* _THE INPUT_
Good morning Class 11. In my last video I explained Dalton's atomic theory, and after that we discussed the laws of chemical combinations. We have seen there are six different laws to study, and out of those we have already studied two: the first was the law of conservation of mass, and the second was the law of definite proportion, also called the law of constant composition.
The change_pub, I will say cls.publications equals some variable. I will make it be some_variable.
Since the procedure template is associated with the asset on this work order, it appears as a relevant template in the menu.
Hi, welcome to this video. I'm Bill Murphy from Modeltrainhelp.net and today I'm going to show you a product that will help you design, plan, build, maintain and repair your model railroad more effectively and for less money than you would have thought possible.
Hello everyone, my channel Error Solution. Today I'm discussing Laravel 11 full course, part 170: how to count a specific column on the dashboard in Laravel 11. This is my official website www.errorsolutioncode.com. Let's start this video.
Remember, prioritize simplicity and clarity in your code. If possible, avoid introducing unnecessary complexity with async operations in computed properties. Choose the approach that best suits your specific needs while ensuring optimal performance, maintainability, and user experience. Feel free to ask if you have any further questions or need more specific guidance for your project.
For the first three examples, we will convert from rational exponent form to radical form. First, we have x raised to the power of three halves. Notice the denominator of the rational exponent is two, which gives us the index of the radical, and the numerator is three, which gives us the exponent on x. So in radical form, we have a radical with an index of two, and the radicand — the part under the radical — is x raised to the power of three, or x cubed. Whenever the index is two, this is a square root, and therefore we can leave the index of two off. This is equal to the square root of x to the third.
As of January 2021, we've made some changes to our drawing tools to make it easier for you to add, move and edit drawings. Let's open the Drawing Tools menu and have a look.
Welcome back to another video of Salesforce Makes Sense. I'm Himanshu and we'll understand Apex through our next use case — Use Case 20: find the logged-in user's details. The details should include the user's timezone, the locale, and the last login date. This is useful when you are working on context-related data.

==

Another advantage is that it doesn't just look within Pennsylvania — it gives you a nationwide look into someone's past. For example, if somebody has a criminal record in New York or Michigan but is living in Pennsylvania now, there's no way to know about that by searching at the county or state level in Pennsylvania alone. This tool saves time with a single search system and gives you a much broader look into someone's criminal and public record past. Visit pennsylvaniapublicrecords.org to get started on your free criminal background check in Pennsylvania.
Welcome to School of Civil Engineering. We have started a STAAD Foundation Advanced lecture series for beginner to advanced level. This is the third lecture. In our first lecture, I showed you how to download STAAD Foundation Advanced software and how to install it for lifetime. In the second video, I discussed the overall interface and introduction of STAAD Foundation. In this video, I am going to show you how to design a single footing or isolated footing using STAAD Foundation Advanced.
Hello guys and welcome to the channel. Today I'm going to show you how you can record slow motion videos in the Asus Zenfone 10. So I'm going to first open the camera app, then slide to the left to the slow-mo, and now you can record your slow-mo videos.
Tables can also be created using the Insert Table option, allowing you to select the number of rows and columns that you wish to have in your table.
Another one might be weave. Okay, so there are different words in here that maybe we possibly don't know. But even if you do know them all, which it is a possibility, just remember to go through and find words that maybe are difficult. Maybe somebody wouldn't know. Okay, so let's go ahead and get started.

* _TASK OBJECTIVE_
Scan the records above for the lines holding "The change_pub, I" and "Hello everyone, my". Transcribe those two and every line between them word for word, and no others.

* _TASK SOLUTION_
The change_pub, I will say cls.publications equals some variable. I will make it be some_variable.
Since the procedure template is associated with the asset on this work order, it appears as a relevant template in the menu.
Hi, welcome to this video. I'm Bill Murphy from Modeltrainhelp.net and today I'm going to show you a product that will help you design, plan, build, maintain and repair your model railroad more effectively and for less money than you would have thought possible.
Hello everyone, my channel Error Solution. Today I'm discussing Laravel 11 full course, part 170: how to count a specific column on the dashboard in Laravel 11. This is my official website www.errorsolutioncode.com. Let's start this video.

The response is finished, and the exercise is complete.